You could use a proxy server (regardless of the protocol), which might improve security (and other things) better than other methods do, I think.

There are problems with both X11 and Wayland, although I dislike some of the features of Wayland.

jchw 5 days ago | parent [-]

Yeah, with Qubes that's exactly what they do. I forget what the software is called, but they use an X11 proxy that tries to enforce policy.

That said though, that does require you to proactively run every X application with this sandboxing. For Qubes which forces everything into VMs this is doable, but for most other systems there isn't an obvious way to handle this sort of thing.

My only major complaint about Wayland that can't just be fixed relatively easily is Mutter refusing to support SSD. (Well, the actual technical problem could be fixed relatively easily, but the social one not so much.)

fpoling 5 days ago | parent [-]

Firejail uses nested X11 servers like xeohyr or xrdp to restrict application access to the primary X11.

jchw 5 days ago | parent [-]

Hmm, I thought it was Xephyr but I was wrong. It looks like Qubes actually does something even more involved:

https://doc.qubes-os.org/en/latest/developer/system/gui.html

This makes sense though, given the way clipboard works in Qubes. I think I must've entirely mistaken how Qubes works for an entirely different scheme.

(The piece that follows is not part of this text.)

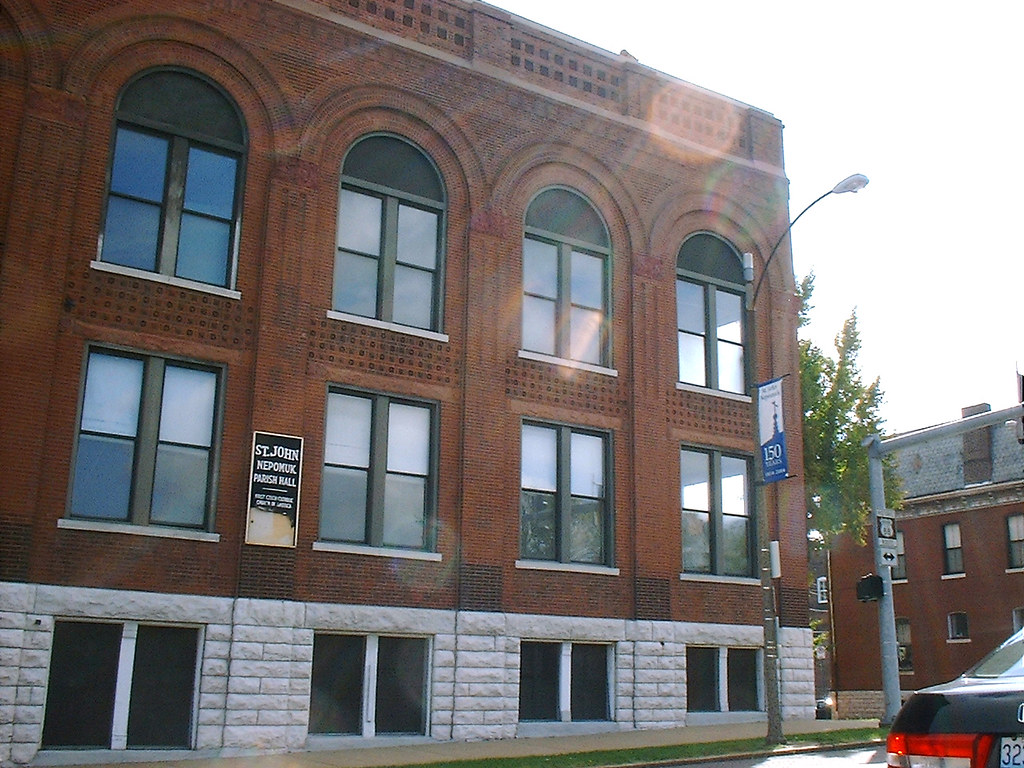 St. John Nepomuk parish hall MBK (Marjie) Flickr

zahlman 4 days ago | parent | prev [-]

> including most likely some fairly trivial paths to root escalation

Why would this be likely?

jchw 4 days ago | parent [-]

Because there is no isolation whatsoever. A terminal running as root can just be typed into. Some apps can be coerced into code execution when messaging them over X11. You might have to get a little creative, but there's a lot of room for creativity.

Needless to say, though, if the user doesn't have anything open with root privileges or cached sudo, then you probably won't be escalating to root with only X11. You'd have to wait for something to crop up. I'd reckon though if you are resident for long enough during a desktop session you'll find an opportunity. (And on most desktop systems that still, of course, leaves the usual points of interest outside X11. But if you wanted a way to escape, say, Flatpak containment, this is definitely a good start.)